Moi, je construis des marionnettes…
Fasciné par le théâtre de marionnettes, il s’intéresse très tôt aux possibilités d’effets spéciaux et d’animation des petites poupées, travail que l’on retrouve dans Rêve de Noël réalisé en 1945. Mêlant des prises de vues réelles et de l’animation, le court-métrage narre l’ostracisation d’un pantin, jouet autrefois adoré d’une petite fille mais délaissé depuis qu’elle a découvert ses nouveaux cadeaux de Noël. La petite figurine de tissu organise alors un spectacle merveilleux pour regagner le cœur de la fillette. L’année suivante, Karel Zeman réalise Le Hamster avec la même technique d’animation de marionnettes mais avec un thème moins onirique. Récit édifiant où un groupe d’animaux s’unit pour survivre à une montée des eaux, tandis que le hamster fait cavalier seul et en subit les conséquences, ce film impressionne par la minutie du travail. Chaque personnage prend vie grâce à une incroyable fluidité de l’image. Mais la maîtrise de ce singulier artisanat n’est pas la seule force de Zeman.

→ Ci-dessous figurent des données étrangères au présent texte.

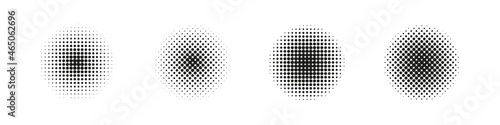 Halftone circles set. Half tone dotted vector isolated. Halftone round pop art  dot design.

Le cinéaste, auréolé d’un prix au festival de Cannes pour Rêve de Noël en 1946, s’inspire autant dans Le Fer à cheval porte-bonheur du comique et de la rapidité du slapstick (à la manière de Mack Sennett ou Buster Keaton) que de la réflexivité d’un long plan séquence montrant la modernité du travail en usine (citant ainsi Les Temps modernes).

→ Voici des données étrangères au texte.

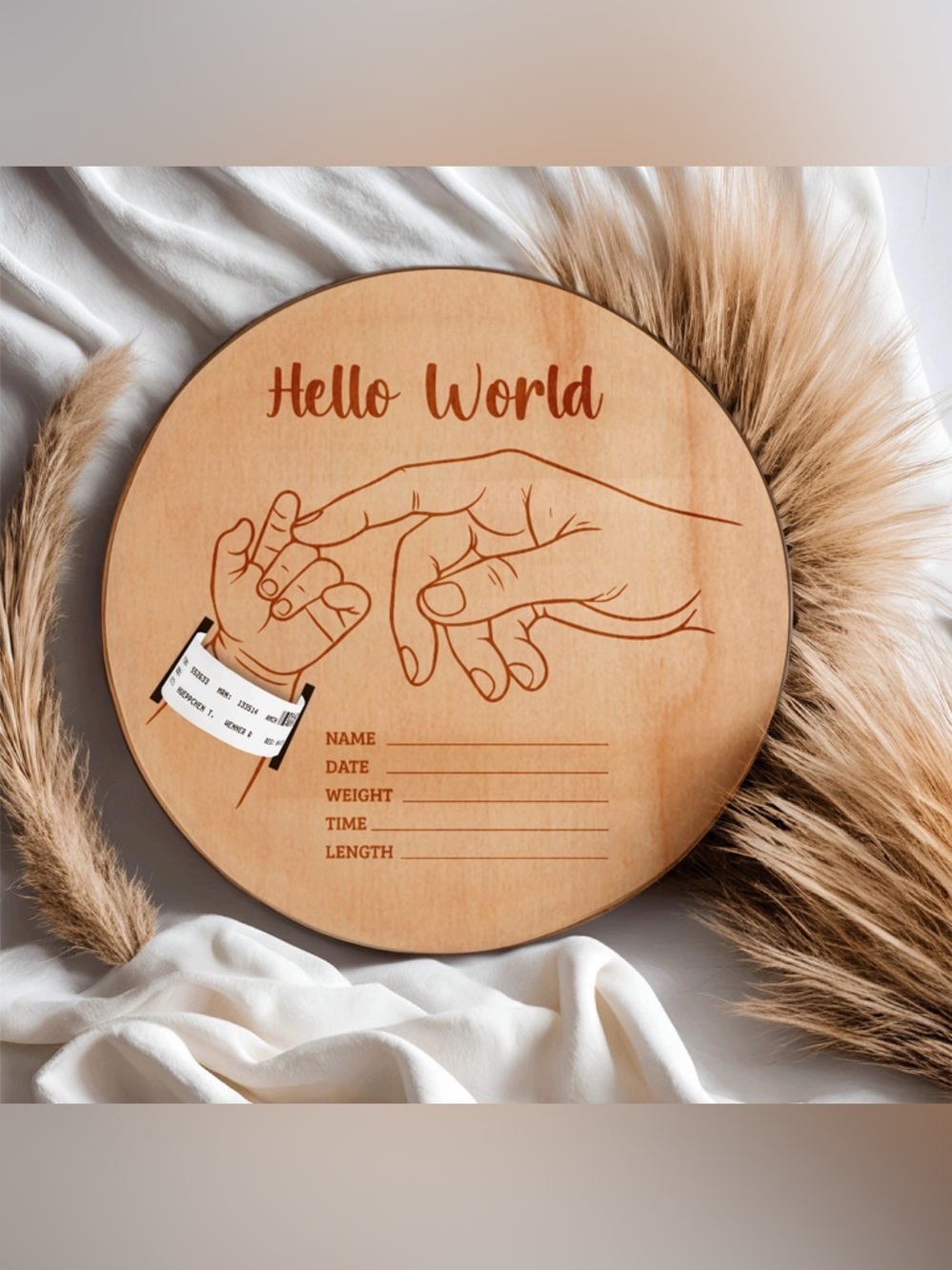 🆕 Hello World Wooden Baby Announcement Plaque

La Tchécoslovaquie en filigrane
Travailleur acharné, Zeman invente en 1946 le personnage qui marquera plusieurs générations de Tchécoslovaques : Monsieur Prokouk (nom qui signifie « celui qui a percé à jour une énigme »). Héros de Un fer à cheval porte-bonheur et Monsieur Prokouk horloger (1972), le bonhomme de bois symbolise le citoyen lambda confronté à des problèmes quotidiens. Les vertus éducatives de ces courts-métrages, souvent dévolus à inciter le peuple à de bons réflexes, s’inspirent grandement des études publicitaires de Zeman. Mais qu’il soit réalisateur ou scénariste, il parvient sans mal à transfigurer ce qui pourrait n’être qu’une leçon de morale propagandiste en véritable création artistique. En multipliant les méthodes d’animation (marionnettes, dessins animés, collages et pour Inspiration animation de poupées de verre), en y adjoignant un sous-texte politique ou social (l’évolution politique de la Tchécoslovaquie est plus que sensible dans ses travaux à partir des années 1950 et ce jusqu’à sa mort en 1989), les films de Zeman s’adressent à un public bien plus large que les seules têtes blondes.

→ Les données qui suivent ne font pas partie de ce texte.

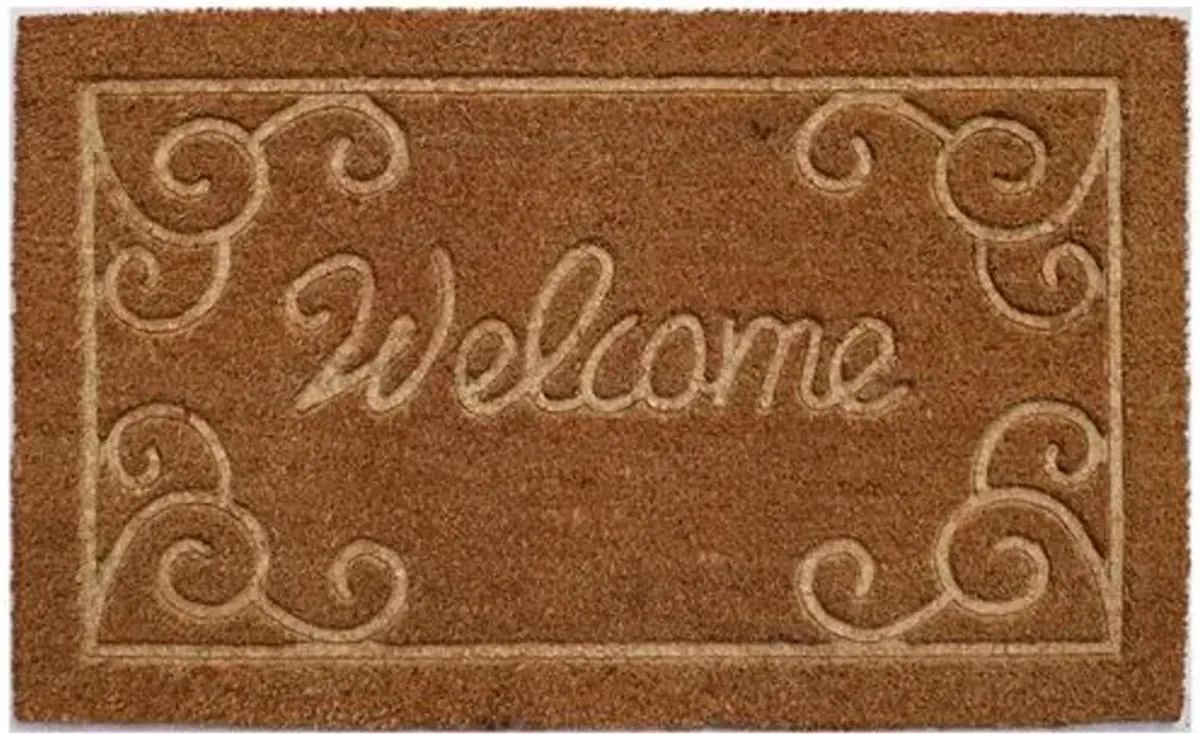 Embossed Welcome Doormat - Brown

La sophistication de ses effets, l’érudition qui affleure à chaque plan (Gustave Doré, l’expressionnisme) et la diversité de ses œuvres (Le Baron de Münchhausen, Le Dirigeable volé inspiré d’un roman de Jules Verne, Sindbad) sont autant de facettes de la magie Zeman. On peut sans mal débusquer les cinéastes héritiers de cette intempestive créativité, même s’ils n’officient pas au sein de la triade contemporaine des pourvoyeurs de films pour enfants.